(f) Safeguards.
The time study is in itself an absolute safeguard against cutting times. It is quite impossible for a job to be done in less than a certain time by an average worker after all the elements have been studied and tested. So long as the elements do not change, the times must hold good, and a new study will confirm this if any doubt arises.
So that if the workers are all taking high rewards it is clear proof that they are of high efficiency.
Suppose a firm cuts the time with the object of getting more profit. One result is shown on p. 27. Another result is that the good workers will leave, because efficient men can always get good jobs elsewhere.

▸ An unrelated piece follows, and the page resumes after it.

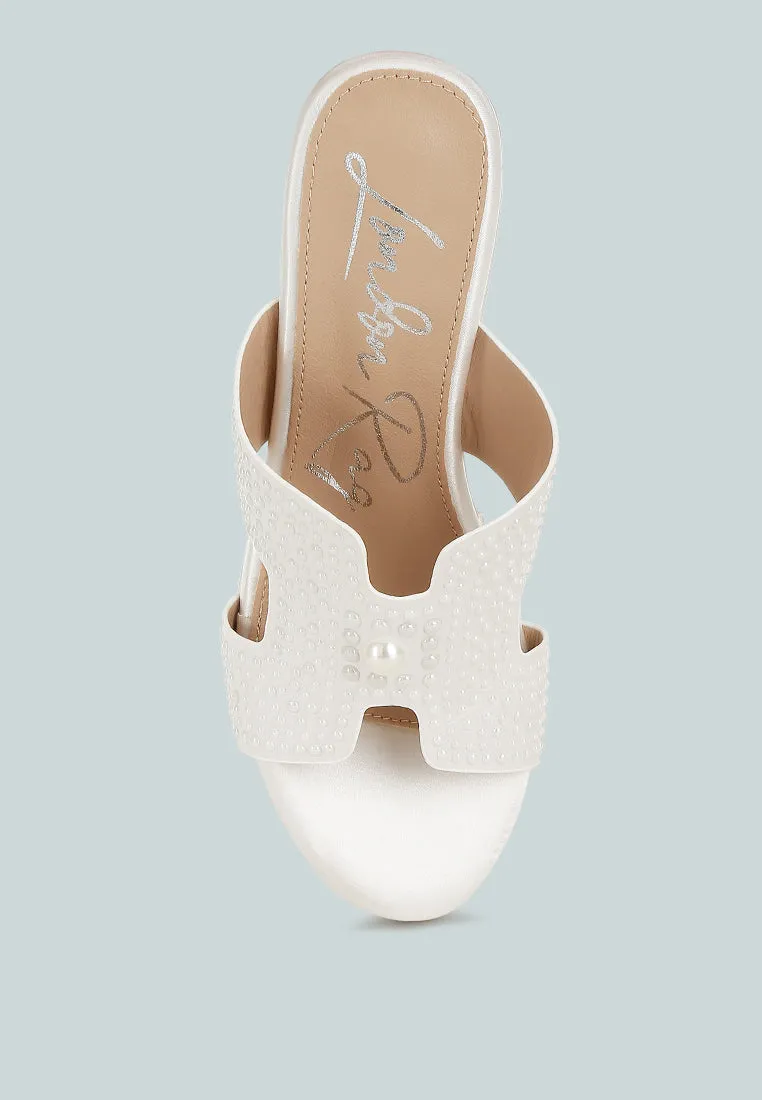 Satin Pearl Detail Wedge Sandals by RUW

As a matter of fact, however, rates are practically never cut. It does not pay to cut rates, because if efficient men leave, and only inefficient men are left, the firm loses heavily, and their own time studies together with the general efficiency of the workers show how valuable their men are.

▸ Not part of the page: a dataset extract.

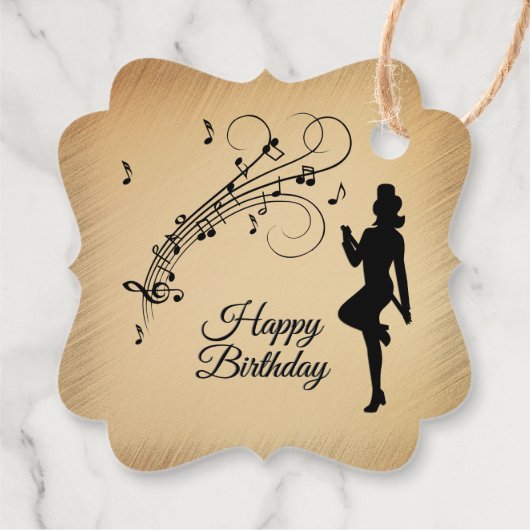 Rustic Birthday Dancer en Muzieknoten Bedankjes Labels (Achterkant)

This is why the time study is a decided safeguard against cutting rates.
One method of rate revision sometimes occurs. When a job is found to be rated too highly from some cause or other, and the worker is taking excessive reward on that job, a change is made in the conditions of the work and the job is restudied. Two reasons are given for this procedure: first, that it is unfair to the other men for one man to be taking exceptionally heavy reward, and, second, under the new conditions the job is still on exactly the same basis as all other jobs in the factory, and standard efficiency with its proportionate reward can be made just as easily as in other cases.
There is another safeguard. The relation between standard and reward times is so arranged that when a worker reaches standard he gets at least 25 per cent. of the job rate. This is an accepted principle, and must be conceded always. It is an irreducible minimum in connection with the Reward System.
It may be said that, however much the principle is accepted, it does not follow that the employer will stick to it.
But he must! If he does not do so, what is the alternative? Either he gives less than 25 per cent. reward or he gives none until the standard time is reached. In the first case, if he gives less than 25 per cent., reward is not worth working for, and the worker will not trouble about it, thereby rendering the whole system useless. If the worker gets no reward until standard time is reached, the effort required by the men is so great in order to get reward that it is not worth it, and the men do not try for it.